Edited for a different consideration: Do birds migrate to and from zones defined only by ecological and climate choice, or do they evolve to migrate away to and from an ancestral home?
Later studies of migration searched for evolutionary definitions of bird migration as opposed to ecology/geography definitions which were the initial focus. Various theories of evolution and migration have been developed, although ice ages and climate change make the definition of a bird ancestral land vague.
If you search google for "sister taxa, migration, evolution" you will find a lot
A study for American Thrush species starts with previous research:
- range expansion and speciation for the
evolution of long-distance migration. In brief,
resident, tropical species expand their ranges
into the seasonal subtropics. Further range
expansion into temperate areas due to competition
and other selective pressures creates a partially
migratory species. The partially migratory
birds continue to expand into higher latitudes,
where they breed successfully; migratory behavior
becomes fi xed (Stiles 1980).
It's results for the thrush are very complex, and you can see the map and the conclusions at the end, which state that:
- The migratory species tree does not have a clear single ancestor.
- The ancestor's range was probably very widespread, over 1000ds of
- They migrated by stepping stone, rather than by diet
constraints of being frugivorous versus insectivorous.
The data is erased in history, the migration routes and maps are very complex, the ancestral homeland shifts as forests and boreal ranges change latitude, so it's a balance in between the ability for birds to have fixed ancestral lands, given their great mobility, and the speed of their evolution. For the moment there are some theories on mechanisms and causes for selection by migratory advantage which are not general enough to apply to many clades of bird.

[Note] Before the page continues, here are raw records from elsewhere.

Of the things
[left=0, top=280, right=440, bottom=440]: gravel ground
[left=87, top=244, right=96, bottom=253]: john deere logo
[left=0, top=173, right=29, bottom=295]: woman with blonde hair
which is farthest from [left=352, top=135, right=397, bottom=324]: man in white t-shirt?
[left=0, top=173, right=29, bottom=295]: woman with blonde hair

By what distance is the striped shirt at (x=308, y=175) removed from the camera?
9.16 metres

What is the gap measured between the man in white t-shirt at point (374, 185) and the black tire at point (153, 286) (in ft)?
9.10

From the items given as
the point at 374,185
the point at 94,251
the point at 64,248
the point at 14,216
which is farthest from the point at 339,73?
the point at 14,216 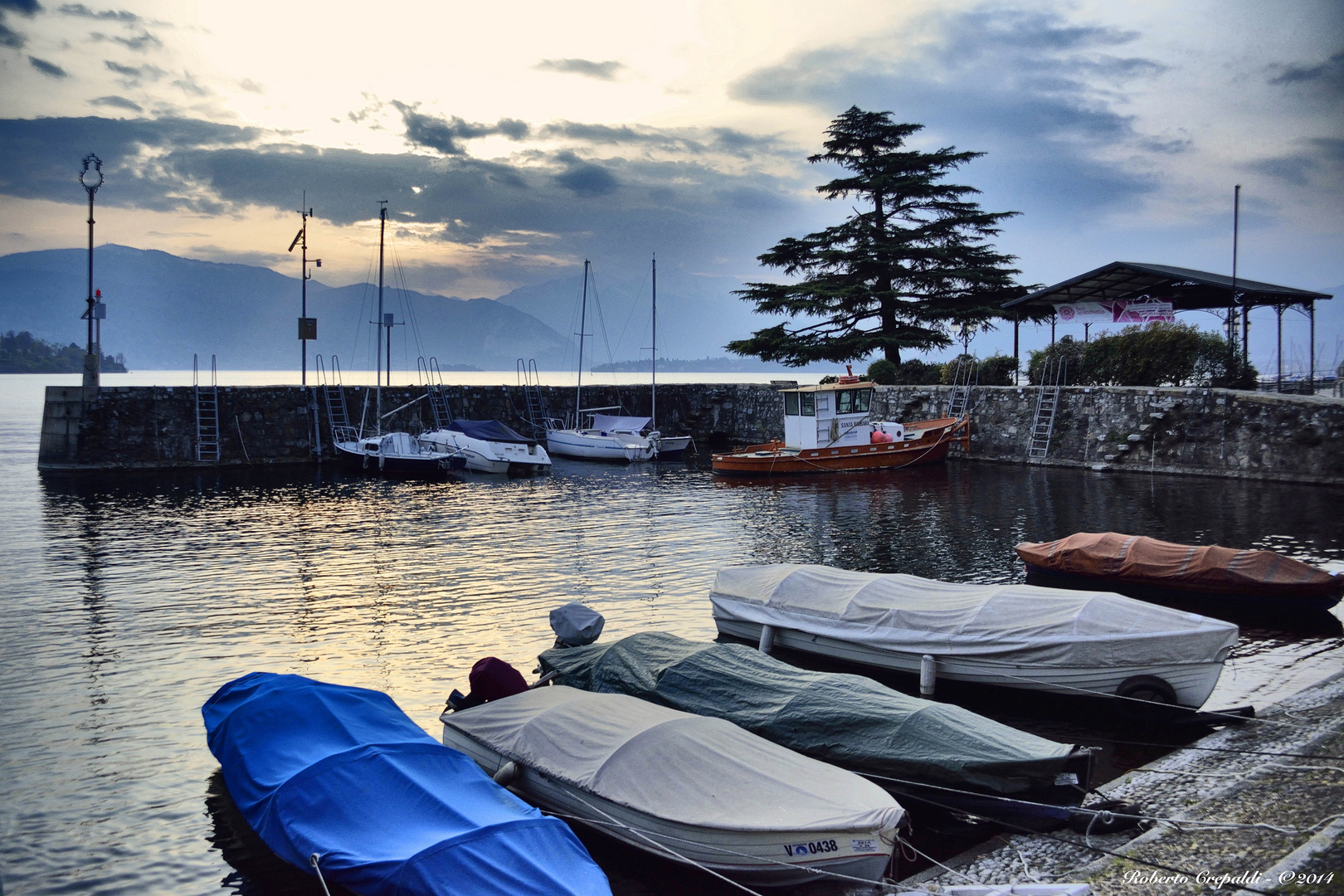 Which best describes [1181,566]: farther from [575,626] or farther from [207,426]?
[207,426]

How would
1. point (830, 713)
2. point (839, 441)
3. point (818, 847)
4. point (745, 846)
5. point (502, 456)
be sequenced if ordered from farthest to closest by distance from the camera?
point (502, 456) → point (839, 441) → point (830, 713) → point (745, 846) → point (818, 847)

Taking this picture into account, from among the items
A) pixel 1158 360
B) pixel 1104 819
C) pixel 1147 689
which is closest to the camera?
pixel 1104 819

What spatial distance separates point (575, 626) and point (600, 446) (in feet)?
97.3

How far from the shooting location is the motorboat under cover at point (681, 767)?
6.35 meters

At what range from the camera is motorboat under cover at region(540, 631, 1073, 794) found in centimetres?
748

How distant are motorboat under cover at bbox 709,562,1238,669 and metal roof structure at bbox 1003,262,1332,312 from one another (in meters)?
28.2

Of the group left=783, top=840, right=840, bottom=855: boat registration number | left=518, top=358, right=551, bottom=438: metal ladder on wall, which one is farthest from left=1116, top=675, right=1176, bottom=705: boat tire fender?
left=518, top=358, right=551, bottom=438: metal ladder on wall

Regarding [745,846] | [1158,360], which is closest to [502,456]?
[1158,360]

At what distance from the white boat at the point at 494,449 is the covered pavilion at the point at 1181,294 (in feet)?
71.3

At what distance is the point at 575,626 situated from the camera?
11.3m

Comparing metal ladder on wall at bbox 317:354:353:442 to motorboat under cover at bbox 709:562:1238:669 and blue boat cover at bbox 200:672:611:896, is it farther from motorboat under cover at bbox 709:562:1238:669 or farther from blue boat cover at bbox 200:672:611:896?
blue boat cover at bbox 200:672:611:896

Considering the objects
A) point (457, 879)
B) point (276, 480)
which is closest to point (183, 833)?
point (457, 879)

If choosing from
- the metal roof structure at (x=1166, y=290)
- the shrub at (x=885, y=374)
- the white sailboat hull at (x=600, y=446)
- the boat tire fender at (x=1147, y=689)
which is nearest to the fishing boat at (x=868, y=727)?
the boat tire fender at (x=1147, y=689)

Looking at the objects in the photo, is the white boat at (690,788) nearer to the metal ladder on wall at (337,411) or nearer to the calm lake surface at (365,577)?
the calm lake surface at (365,577) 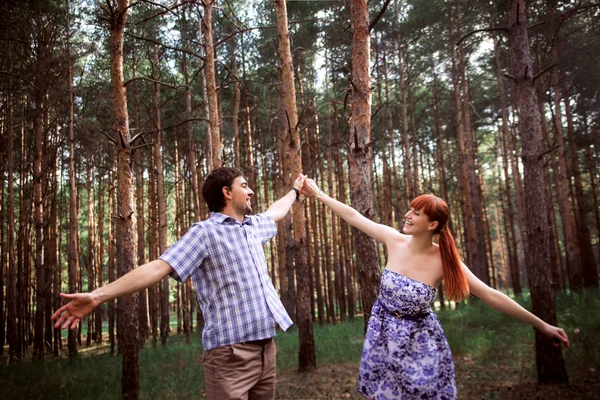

for precise and recent return to homeland:
Yes it's absolutely true, that many birds return to the exact same nest in Europe for example after wintering in Africa, and they also return to the same cliff/forest as where their parents were born, and some species vaguely follow the flocks very broad zones:
One study showed that most swallows returned to the same colony, with 44 per cent of pairs reoccupying the same nest. “This is remarkable given the length of a swallow’s return migration from its wintering grounds in South Africa,” says Rob Robinson, associate director of research at the BTO. Robinson has studied this iconic species’ unusually strong nest-faithfulness, a phenomenon called natal philopatry.